DATA SEGMENT -
Segment Open
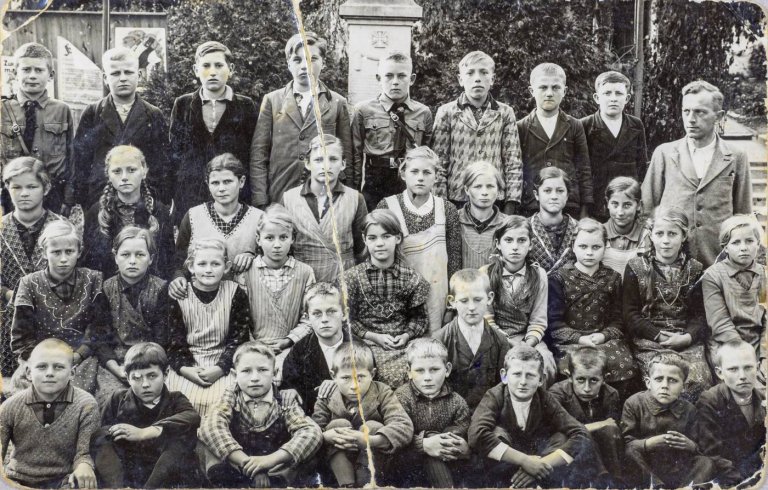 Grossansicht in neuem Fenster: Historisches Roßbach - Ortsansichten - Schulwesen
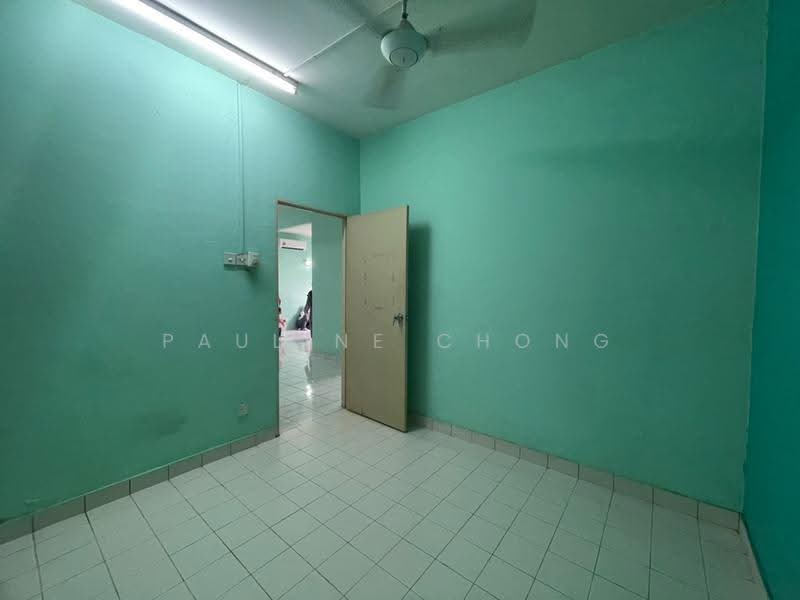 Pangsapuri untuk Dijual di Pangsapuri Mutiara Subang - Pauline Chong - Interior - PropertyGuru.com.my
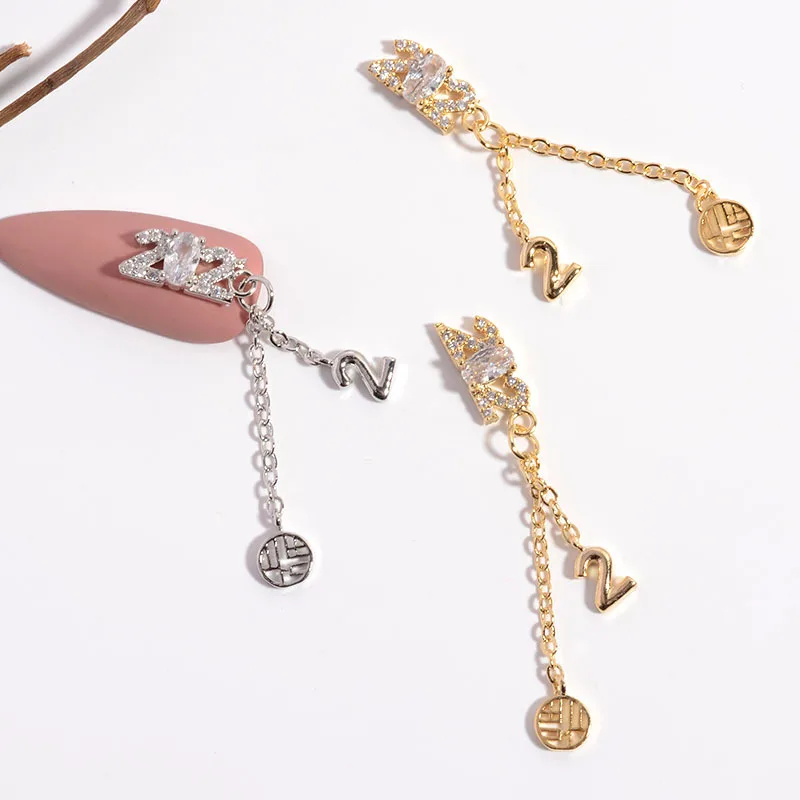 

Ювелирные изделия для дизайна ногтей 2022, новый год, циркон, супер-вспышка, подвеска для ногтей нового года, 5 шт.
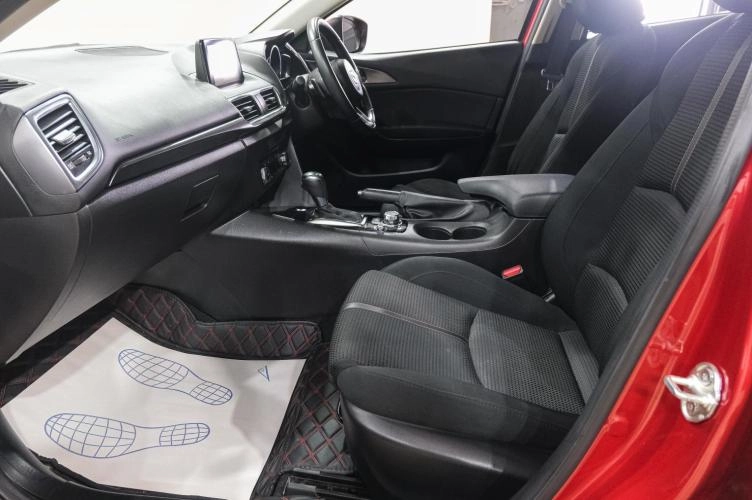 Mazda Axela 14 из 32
Segment Closed
Pictures excluded, output exactly the line that contains "Ювелирные изделия для" and every line after it to the end of the data above.

RESPONSE AREA -
Ювелирные изделия для дизайна ногтей 2022, новый год, циркон, супер-вспышка, подвеска для ногтей нового года, 5 шт.
 Mazda Axela 14 из 32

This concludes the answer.